It’s Time to Rethink WCMSA Legislation

A fresh approach may be needed to address how best to protect Medicare’s interest in a workers’ compensation settlement.

Today, the Workers’ Compensation Medicare Set-Aside Arrangement (WCMSA) is a routine part of most settlements. The WCMSA takes a part of the workers’ compensation settlement and allocates it specifically for future medical expense. If this is done correctly, the Medicare beneficiary is then free to spend the non-allocated portion.
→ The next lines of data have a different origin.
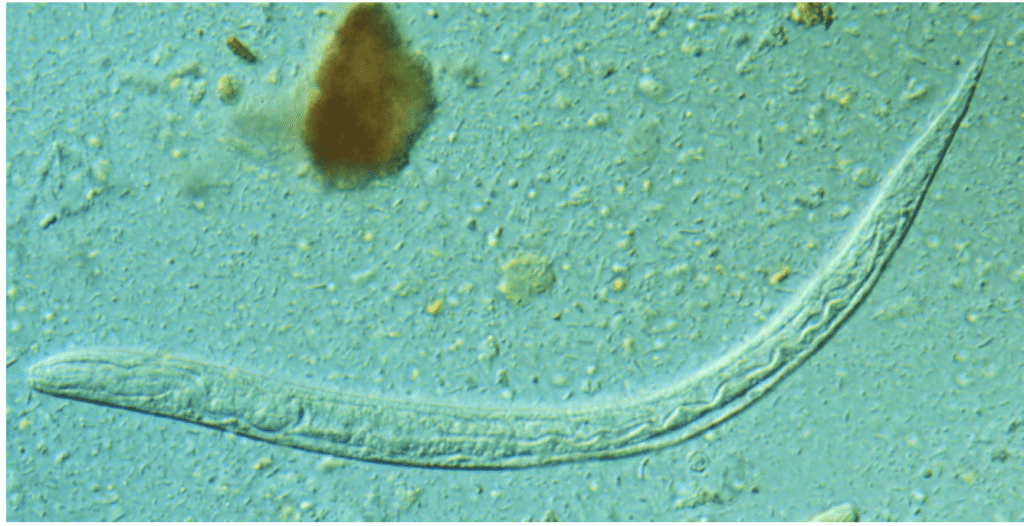 Strongyloides stercoralis larva seen under a microscope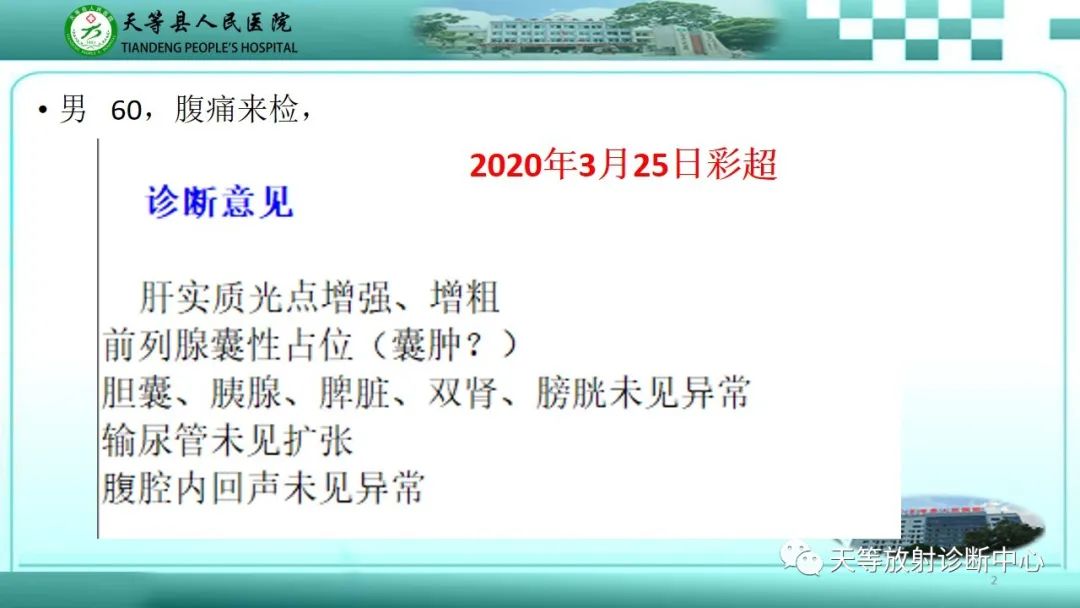 影像PPT - 【病例】脾脏假性动脉瘤1例CT影像-2 影像PPT - 【病例】脾脏假性动脉瘤1例CT影像-2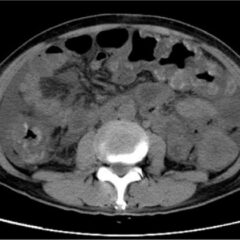CT scan of pseudomembranous colitis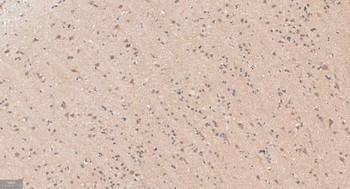 APPL1 Recombinant Rabbit Monoclonal Antibody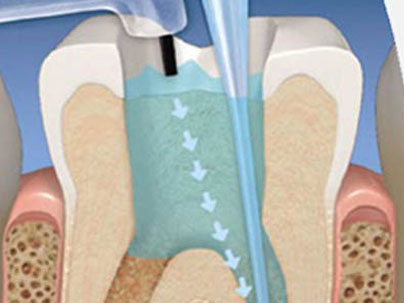 Root Canal Treatment German Dentist Marbella, San Pedro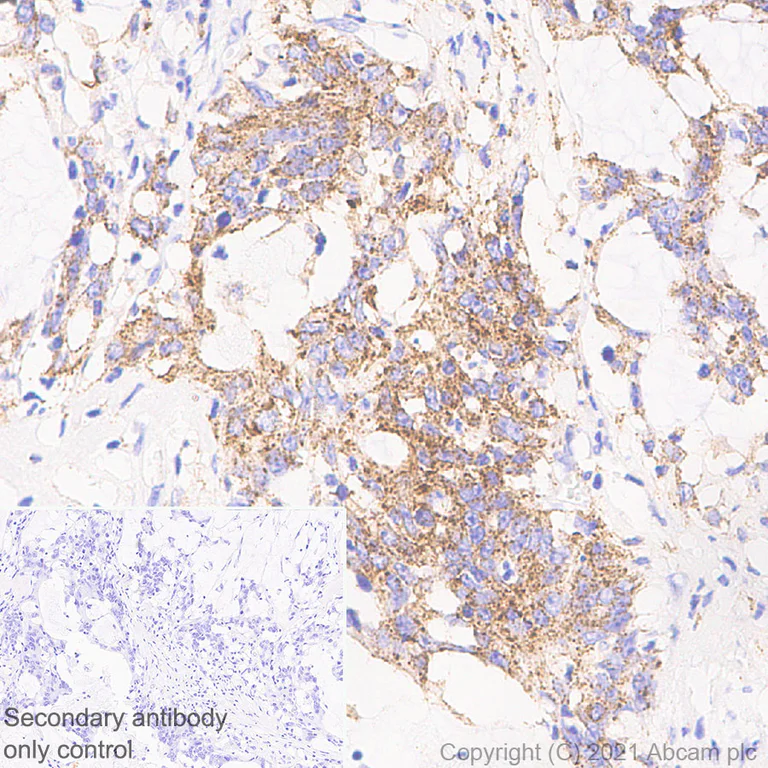 Immunohistochemistry (Formalin/PFA-fixed paraffin-embedded sections) - Anti-MX1 antibody [EPR24485-19] (AB284603)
The widespread acceptance of the WCMSA is based on a recommendation by the Centers for Medicare & Medicaid Services (CMS), the agency responsible for the administration of the Medicare Trust Fund.  The WCMSA has become the de facto rule because CMS can ignore a workers’ compensation settlement agreement between parties if it believes there has been an attempt to shift responsibility to pay for future medical care to the Medicare Trust Fund.

In recent years, however, some have objected in certain types of claims because changes to the review process have increased the dollar amounts that need to be set aside for the WCMSA, to preserve the Medicare Trust Fund. Some feel that the amounts have become unreasonable.  The result has been some failed settlements, contrary to a public policy that favors settlements.

In establishing a WCMSA, information is submitted to the Workers’ Compensation Review Contractor (WCRC), and it is evaluated to provide an allocation number for the set-aside that CMS will accept. There are obvious tensions. For instance, the contractor may require extensive documentation for medical care that goes beyond what is necessary for the workers’ compensation claim. This requirement can delay the process or even require the parties to the workers’ comp claim to start over. The contractor may also increase the amount that has to be allocated for the WCMSA, as medical treatment that is unrelated to the workers’ compensation claim can make it into the set-aside.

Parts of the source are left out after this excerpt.